** Work required **
Pick out each line of the records that includes the string "Building", and copy it.

-------- Data supplied

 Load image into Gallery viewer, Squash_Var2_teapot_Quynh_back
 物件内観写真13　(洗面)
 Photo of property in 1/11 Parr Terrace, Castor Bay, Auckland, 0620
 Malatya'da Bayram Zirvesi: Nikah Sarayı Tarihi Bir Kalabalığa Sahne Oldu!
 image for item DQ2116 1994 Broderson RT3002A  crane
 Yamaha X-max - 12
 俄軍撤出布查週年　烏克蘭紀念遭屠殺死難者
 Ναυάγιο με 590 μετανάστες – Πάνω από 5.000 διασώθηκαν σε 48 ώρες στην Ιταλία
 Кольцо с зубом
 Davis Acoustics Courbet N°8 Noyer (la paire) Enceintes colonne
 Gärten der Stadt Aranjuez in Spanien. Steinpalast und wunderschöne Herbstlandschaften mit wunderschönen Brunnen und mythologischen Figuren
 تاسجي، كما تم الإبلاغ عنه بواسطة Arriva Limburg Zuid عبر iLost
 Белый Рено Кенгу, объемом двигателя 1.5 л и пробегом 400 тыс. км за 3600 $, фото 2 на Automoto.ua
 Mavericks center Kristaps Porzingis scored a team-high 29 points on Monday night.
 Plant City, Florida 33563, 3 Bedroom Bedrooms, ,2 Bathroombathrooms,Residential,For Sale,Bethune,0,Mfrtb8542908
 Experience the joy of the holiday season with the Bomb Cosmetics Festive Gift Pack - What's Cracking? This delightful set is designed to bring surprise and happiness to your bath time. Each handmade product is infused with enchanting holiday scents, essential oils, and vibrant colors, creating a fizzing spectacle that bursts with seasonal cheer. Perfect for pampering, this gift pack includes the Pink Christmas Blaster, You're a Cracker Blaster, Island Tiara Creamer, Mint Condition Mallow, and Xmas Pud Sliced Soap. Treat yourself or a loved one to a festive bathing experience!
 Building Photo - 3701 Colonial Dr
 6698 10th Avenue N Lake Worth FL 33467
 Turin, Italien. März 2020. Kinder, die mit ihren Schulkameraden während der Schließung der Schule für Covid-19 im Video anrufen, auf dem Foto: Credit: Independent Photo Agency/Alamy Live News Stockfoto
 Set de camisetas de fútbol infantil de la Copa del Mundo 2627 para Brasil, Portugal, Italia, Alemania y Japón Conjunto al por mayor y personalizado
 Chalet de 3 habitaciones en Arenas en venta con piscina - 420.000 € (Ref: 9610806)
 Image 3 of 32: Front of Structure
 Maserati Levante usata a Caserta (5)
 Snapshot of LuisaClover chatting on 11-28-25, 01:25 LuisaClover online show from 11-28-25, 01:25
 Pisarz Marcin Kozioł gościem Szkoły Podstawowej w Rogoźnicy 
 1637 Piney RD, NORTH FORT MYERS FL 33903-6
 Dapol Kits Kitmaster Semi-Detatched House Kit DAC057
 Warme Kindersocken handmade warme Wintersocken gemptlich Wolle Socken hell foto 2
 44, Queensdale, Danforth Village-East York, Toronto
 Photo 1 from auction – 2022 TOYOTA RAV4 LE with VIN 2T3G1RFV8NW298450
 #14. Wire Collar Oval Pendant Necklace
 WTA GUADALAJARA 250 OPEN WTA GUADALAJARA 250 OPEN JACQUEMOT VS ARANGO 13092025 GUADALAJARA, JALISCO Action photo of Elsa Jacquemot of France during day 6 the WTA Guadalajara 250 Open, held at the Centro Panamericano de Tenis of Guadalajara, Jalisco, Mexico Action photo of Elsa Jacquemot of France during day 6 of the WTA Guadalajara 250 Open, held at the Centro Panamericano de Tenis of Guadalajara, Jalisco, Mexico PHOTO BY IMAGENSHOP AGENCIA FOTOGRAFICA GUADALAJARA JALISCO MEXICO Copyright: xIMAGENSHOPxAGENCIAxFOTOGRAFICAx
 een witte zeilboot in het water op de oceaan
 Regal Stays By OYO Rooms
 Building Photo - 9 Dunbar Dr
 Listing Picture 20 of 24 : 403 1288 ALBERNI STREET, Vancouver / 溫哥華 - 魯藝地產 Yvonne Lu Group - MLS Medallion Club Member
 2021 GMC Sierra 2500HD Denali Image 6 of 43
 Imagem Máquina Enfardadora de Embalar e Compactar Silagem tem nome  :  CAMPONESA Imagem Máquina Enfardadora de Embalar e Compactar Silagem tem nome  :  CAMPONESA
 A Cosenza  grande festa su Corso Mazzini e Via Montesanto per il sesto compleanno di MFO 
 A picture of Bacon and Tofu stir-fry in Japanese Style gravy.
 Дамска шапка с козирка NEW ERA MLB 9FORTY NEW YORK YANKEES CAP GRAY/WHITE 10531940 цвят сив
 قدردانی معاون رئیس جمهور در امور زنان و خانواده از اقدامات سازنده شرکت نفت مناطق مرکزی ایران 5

----------------

** Solution for this task **
 Building Photo - 3701 Colonial Dr
 Building Photo - 9 Dunbar Dr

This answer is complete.